**DATASET CONTENT:**
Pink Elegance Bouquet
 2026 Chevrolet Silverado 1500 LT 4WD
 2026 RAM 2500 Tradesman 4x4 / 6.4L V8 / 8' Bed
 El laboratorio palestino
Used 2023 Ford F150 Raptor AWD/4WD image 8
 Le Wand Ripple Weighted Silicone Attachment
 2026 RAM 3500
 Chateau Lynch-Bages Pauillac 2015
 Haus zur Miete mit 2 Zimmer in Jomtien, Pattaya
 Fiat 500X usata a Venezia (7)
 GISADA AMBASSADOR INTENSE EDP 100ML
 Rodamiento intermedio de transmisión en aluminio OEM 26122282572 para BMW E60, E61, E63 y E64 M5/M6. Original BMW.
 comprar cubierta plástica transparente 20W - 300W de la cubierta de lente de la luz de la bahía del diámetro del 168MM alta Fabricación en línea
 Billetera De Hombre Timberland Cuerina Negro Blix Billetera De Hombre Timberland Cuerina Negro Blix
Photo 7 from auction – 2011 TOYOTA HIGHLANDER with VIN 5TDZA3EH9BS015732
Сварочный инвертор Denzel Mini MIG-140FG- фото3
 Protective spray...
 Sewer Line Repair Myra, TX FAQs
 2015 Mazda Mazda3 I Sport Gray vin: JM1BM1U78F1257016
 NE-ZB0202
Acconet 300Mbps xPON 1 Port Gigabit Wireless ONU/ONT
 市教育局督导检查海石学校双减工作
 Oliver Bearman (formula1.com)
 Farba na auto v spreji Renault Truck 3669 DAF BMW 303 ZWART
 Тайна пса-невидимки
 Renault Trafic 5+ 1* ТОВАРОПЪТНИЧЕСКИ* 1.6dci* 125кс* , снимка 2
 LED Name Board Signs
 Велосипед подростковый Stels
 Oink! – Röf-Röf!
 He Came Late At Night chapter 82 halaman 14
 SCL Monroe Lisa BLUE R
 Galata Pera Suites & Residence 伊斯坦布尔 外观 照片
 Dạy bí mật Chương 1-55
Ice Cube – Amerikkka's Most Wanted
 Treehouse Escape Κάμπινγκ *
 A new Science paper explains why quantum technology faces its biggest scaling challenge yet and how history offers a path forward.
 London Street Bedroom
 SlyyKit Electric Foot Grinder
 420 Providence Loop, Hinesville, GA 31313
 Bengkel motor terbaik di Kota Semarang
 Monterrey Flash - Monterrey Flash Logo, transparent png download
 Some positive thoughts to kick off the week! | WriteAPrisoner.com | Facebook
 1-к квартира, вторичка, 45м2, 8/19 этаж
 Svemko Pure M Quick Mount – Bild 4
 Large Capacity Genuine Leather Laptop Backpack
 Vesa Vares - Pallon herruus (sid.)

**ASSIGNMENT:** Go to the line in the listing above that has "1-к квартира, вторичка, 45м2, 8/19 этаж" in it. Set down that line and each one after it, exactly.

**REPLY TO THE EXERCISE:**
 1-к квартира, вторичка, 45м2, 8/19 этаж
 Svemko Pure M Quick Mount – Bild 4
 Large Capacity Genuine Leather Laptop Backpack
 Vesa Vares - Pallon herruus (sid.)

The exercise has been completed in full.